Tuesday, May 16, 2006

Now I'd like to listen again

My granny had two large books.
Like I said, she never read anything, but these were full of old landscape photos toned in sepia.
I learned to read before I was four years old, because she borrowed enormous piles of books from the library, just for me.
I remember how we sat together at the kitchen table. She used to look at the pictures in her books whilst I read mine. After that she stared at something invisible through the window.
Sometimes I noticed she was biting her lips, but she never cried.

She showed me some pictures and I didn't quite understand her, but I loved her stories.
She told about the sea and the ships my ancestors built and sailed with.
She told me how she played with her friends on the beach and later listened to her gramophone under the birches.
I laughed at the funny sounding names of her friends, Julius, Hugo, Hermann, and she looked at me strictly and bit her lips again.

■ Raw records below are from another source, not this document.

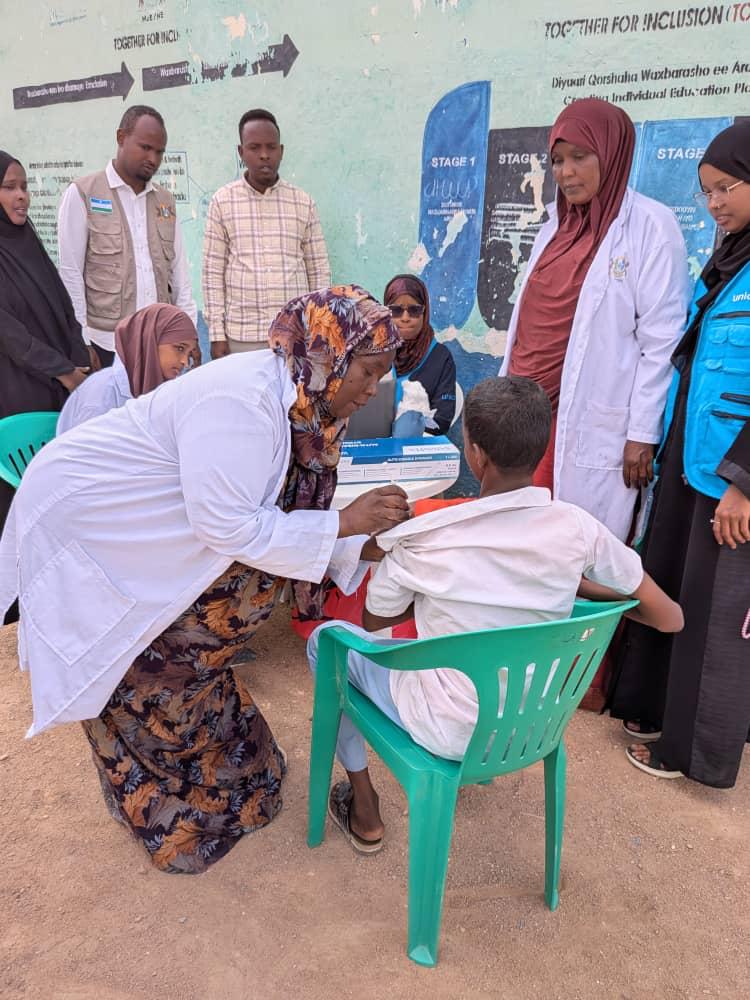 WHO Somalia tweet media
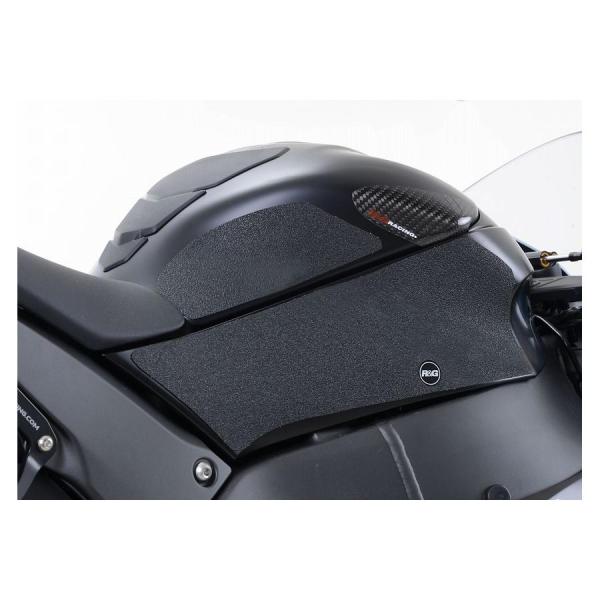 R&amp;G トラクションパッド ブラック ZX-10R RG-EZRG425BL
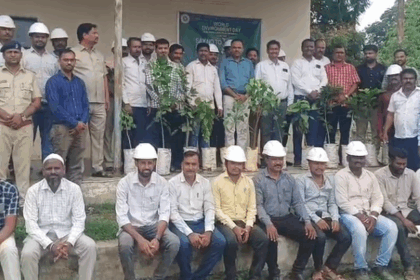 ದತ್ತ ಇಂಡಿಯಾ ಶುಗರ್ ಕಂಪನಿಯಲ್ಲಿ ವಿಶ್ವ ಪರಿಸರ ದಿನಾಚರಣೆಯ ಆಚರಣೆ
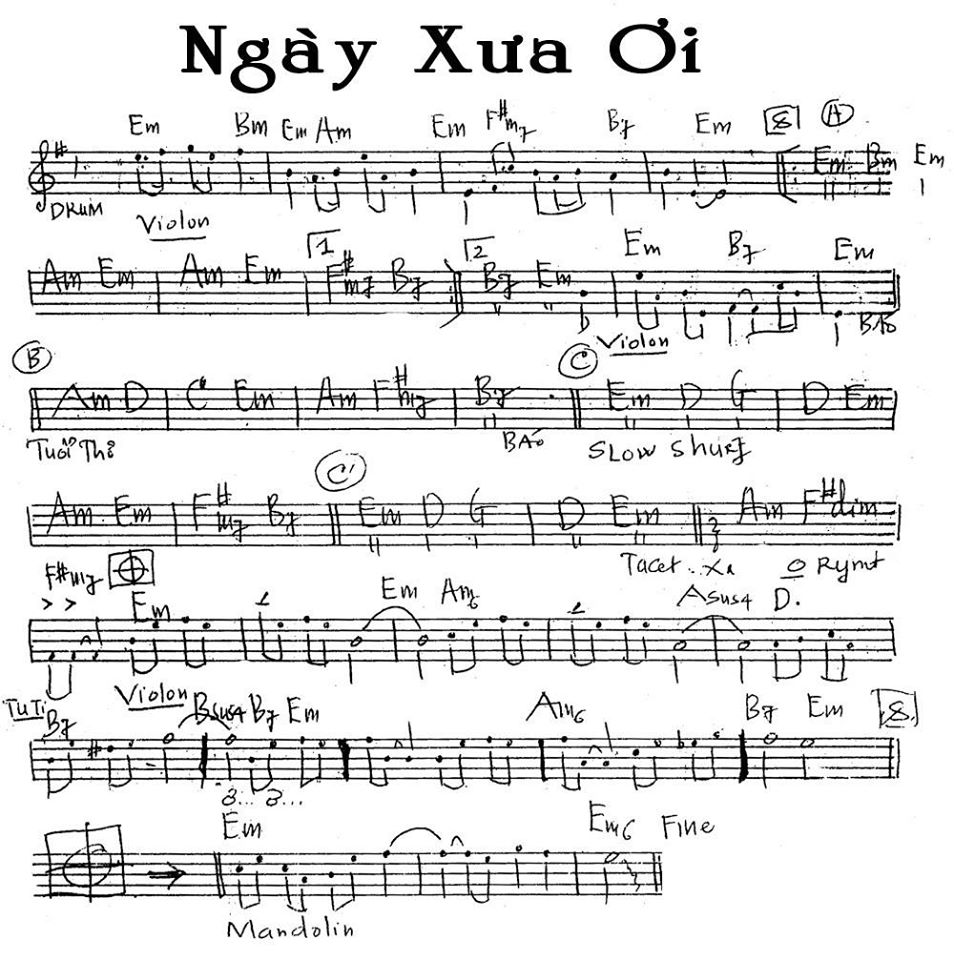 Ngày Xưa Ơi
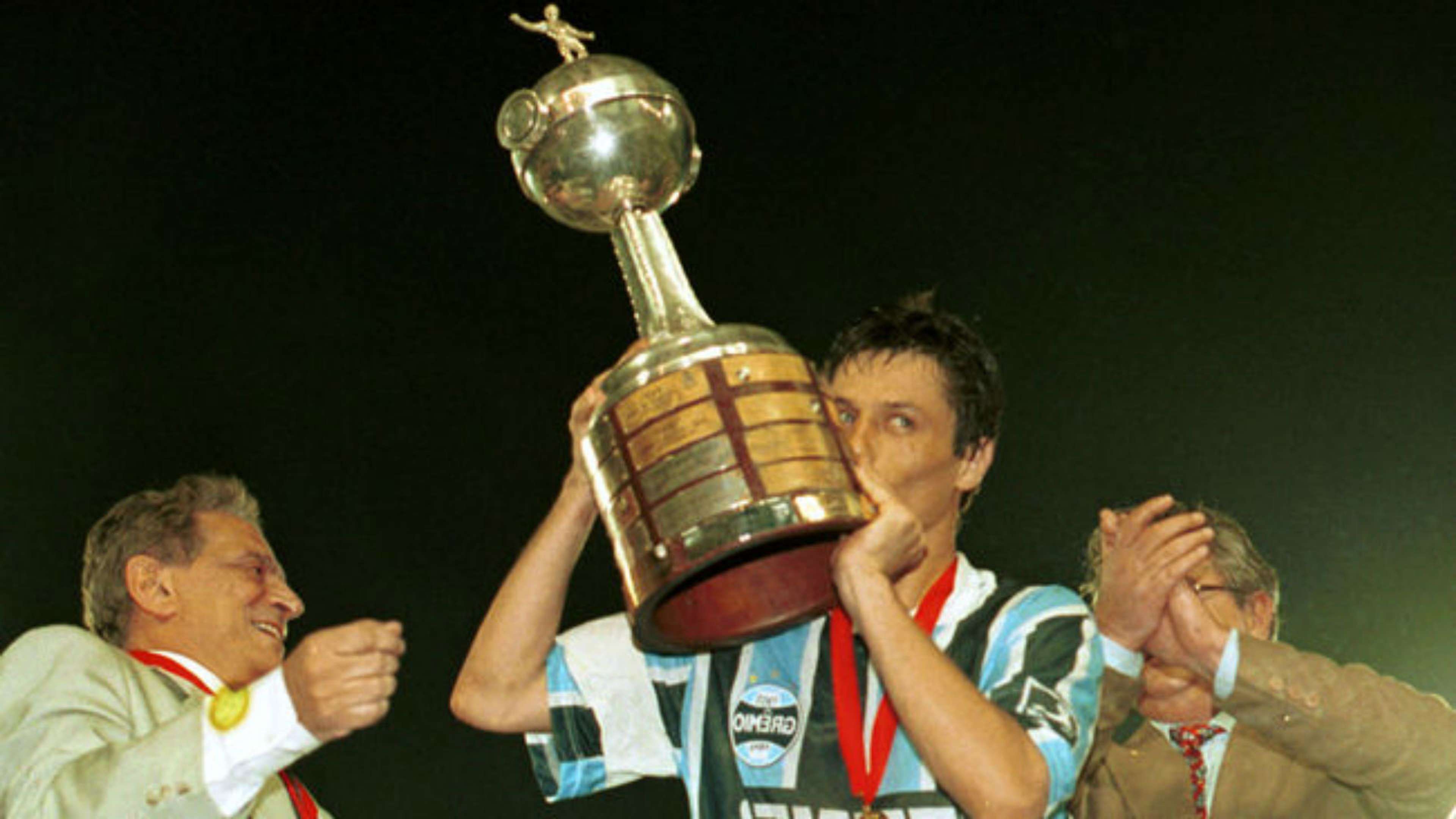 Gremio, campeón de la Copa Libertadores 1995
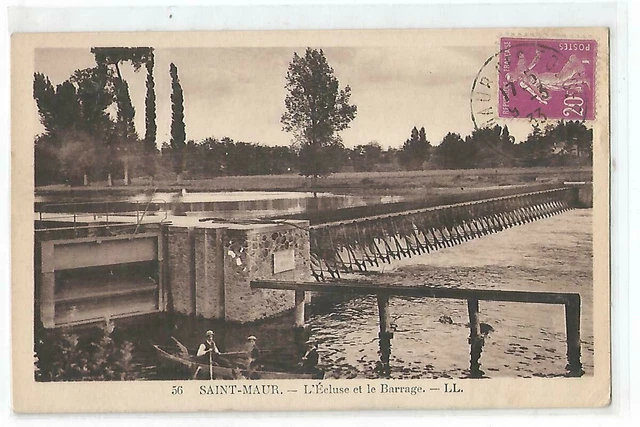 94 Saint Maur , Ecluse Et Barrage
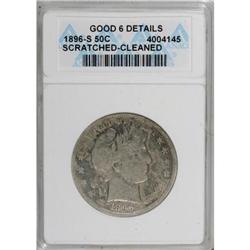 1896-S 50C G6 ANACS
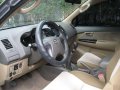 2013 Toyota Fortuner G Diesel for sale-9
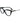 Victoria Beckham Black Acetate Glasses (Frames)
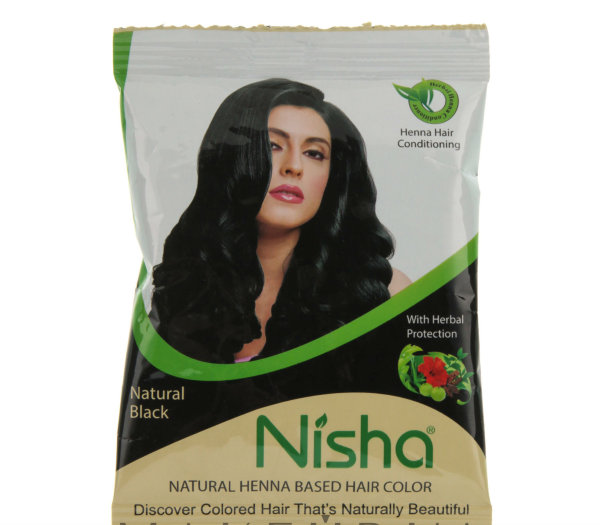 Купить Хна для волос черная Ниша, 15 г, производитель Кавери; Henna Nisha Black, 15 g, Kaveri
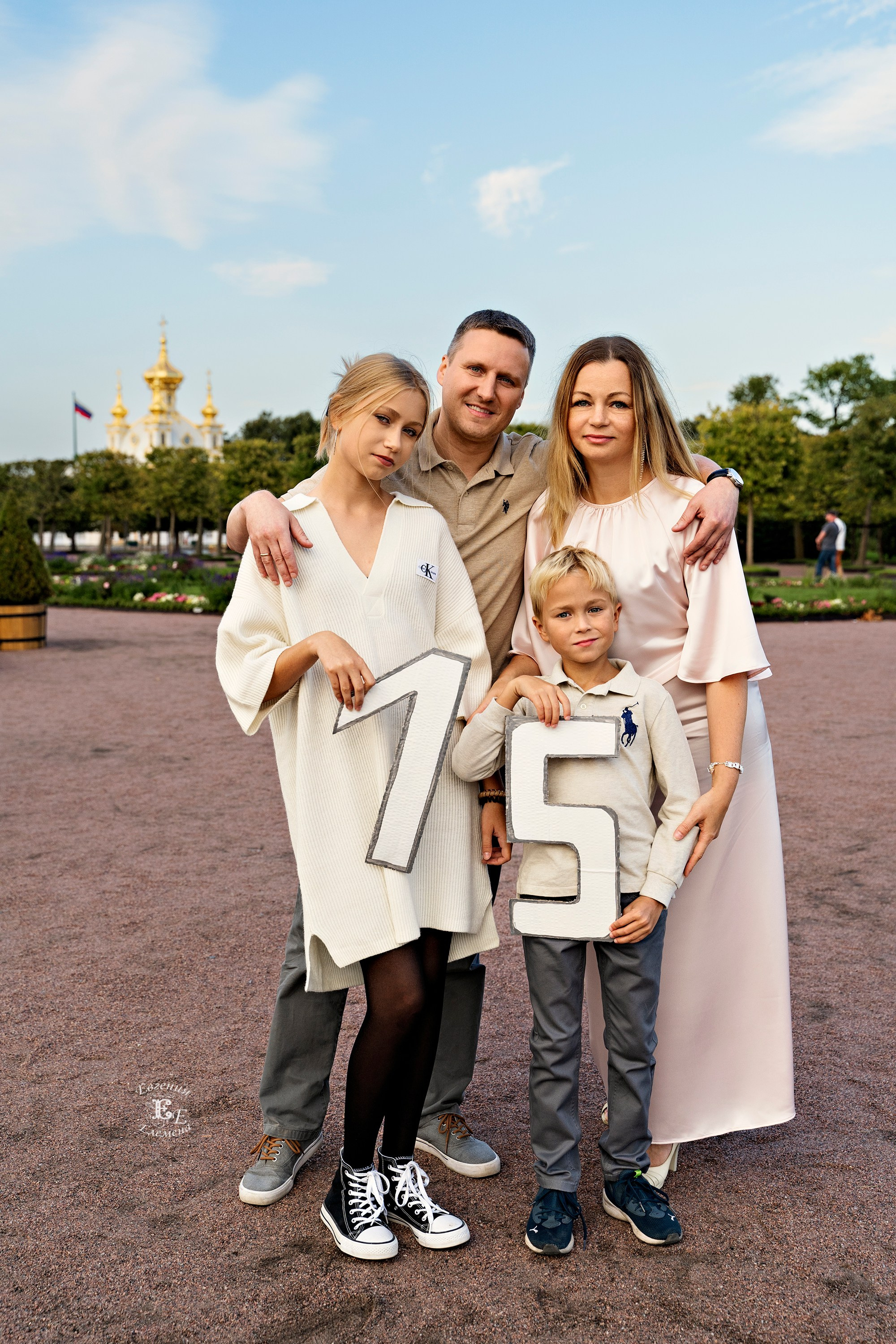 Уличная съёмка. Семейный и портретный фотограф в Санкт-Петербурге Евгения Елемена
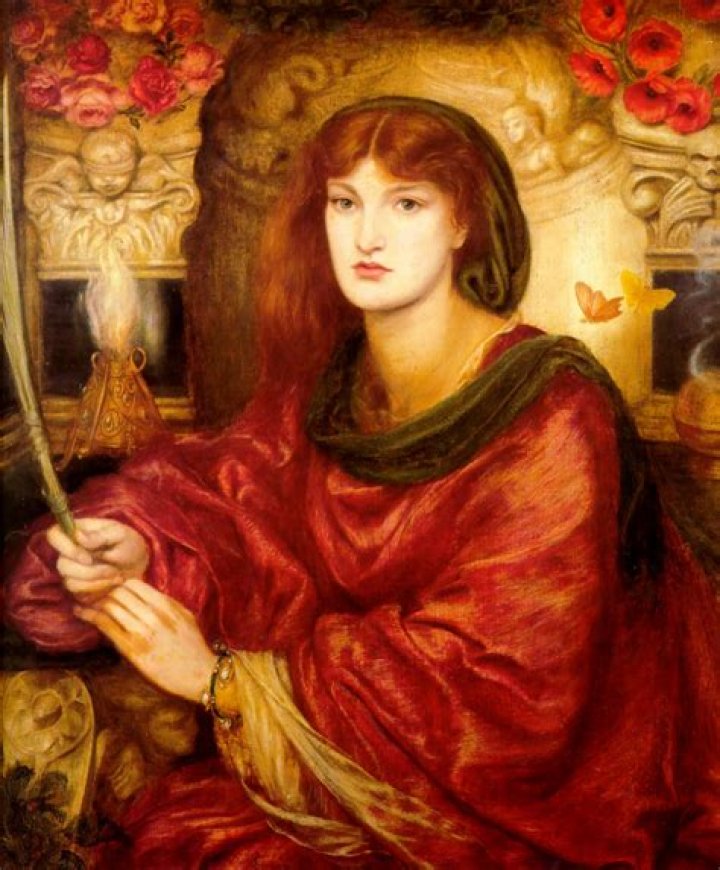 Dante Gabriel Rossetti Biography, Dante Gabriel Rossetti's Famous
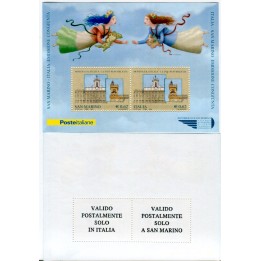 2006 SAN MARINO FOGLIETTO LE 2 REPUBBLICHE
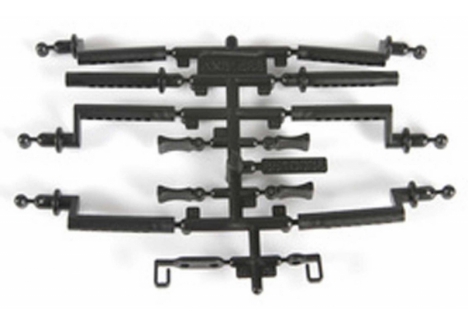Axial Body Mount Set SCX10 II Trail Honcho RC Crawler AX31588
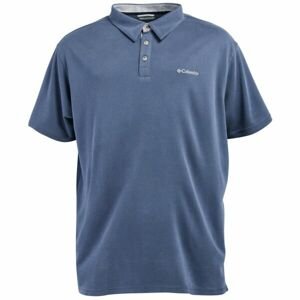 Columbia NELSON POINT POLO Pánske polo tričko, tmavo modrá, veľkosť XXXL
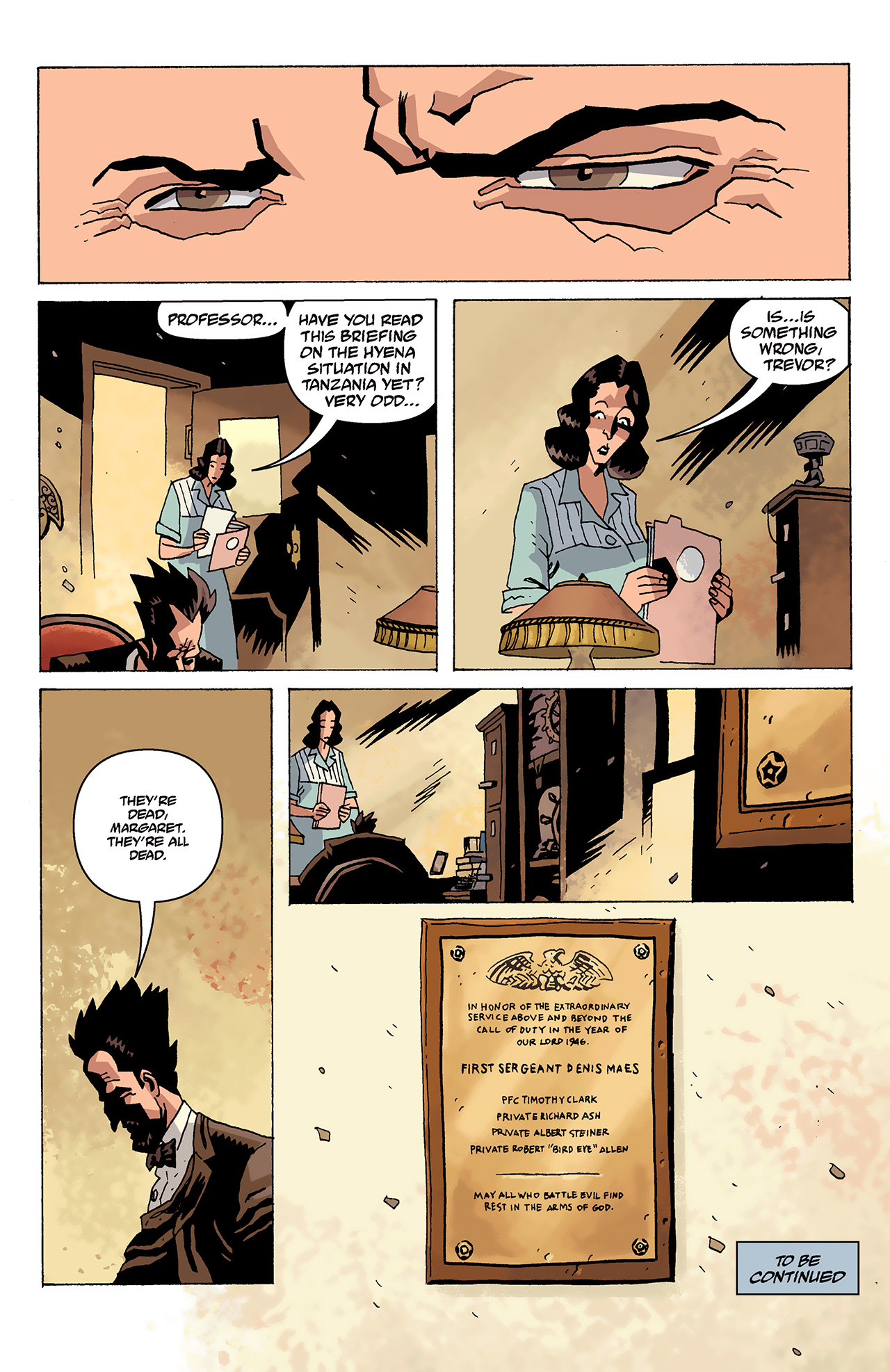 Read online B.P.R.D.: 1947 comic -  Issue #3 - 26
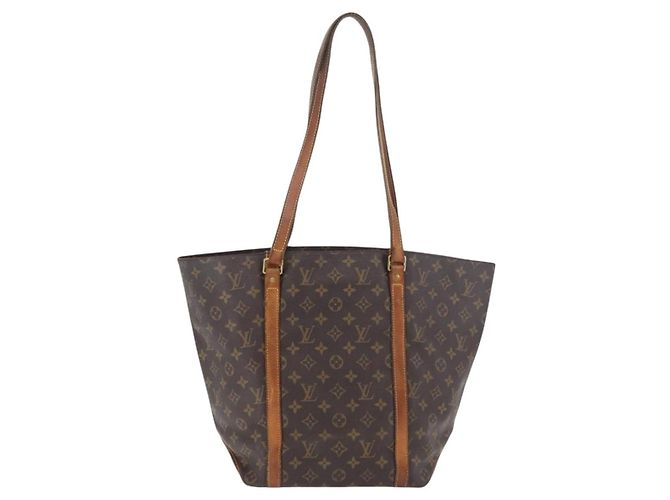 LOUIS VUITTON Monogram Sac Shopping Tote Bag M51108 LV Auth 179414 Monogramma - vista 2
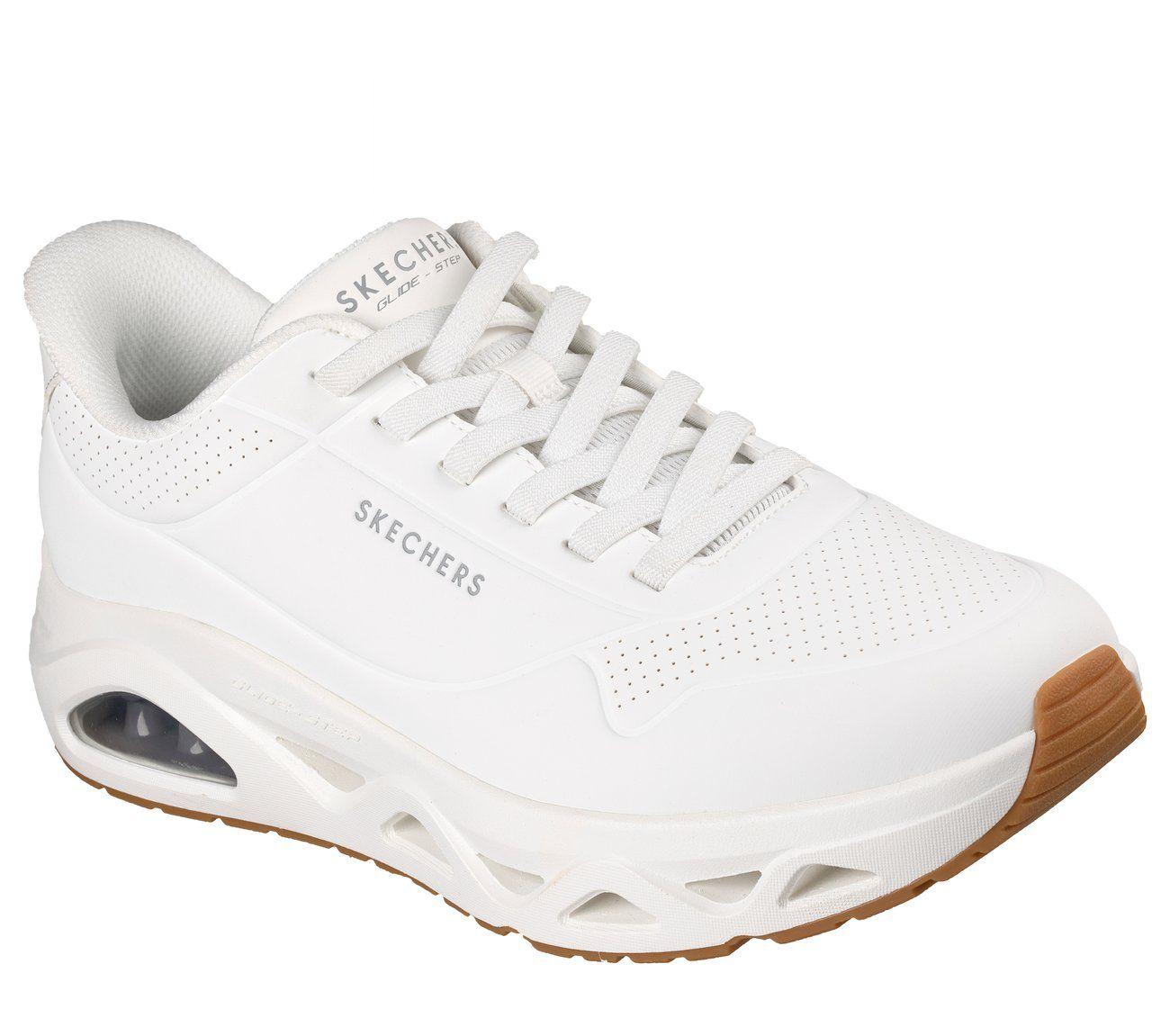 Zapatillas Hombre Slip-ins Uno Glide-Step GOA Blanco Skechers-3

She told me about the artists passing by the village, heading to Terijoki.
She told me about the funny, peculiar villagers.
She told me thrilling stories, like how she accidentally found the smugglers bottles or quite boring stories of how she had to work as a child in the fields.
She told me about the excitement when she moved to Vyborg, the biggest city she knew.
She told me about the cafe she worked in. She told me what she wore when she had her first dance with a soldier. She described the music the orchestras played in the Monrepos park, so well, that I almost could smell the scent of the roses.

I always wondered why she had left all that. The house on the beach, horses on the fields, white tablecloths drying in the wind, her brothers playing
their accordions under the giant lilac bushes.
Why should anyone leave the eternal summer?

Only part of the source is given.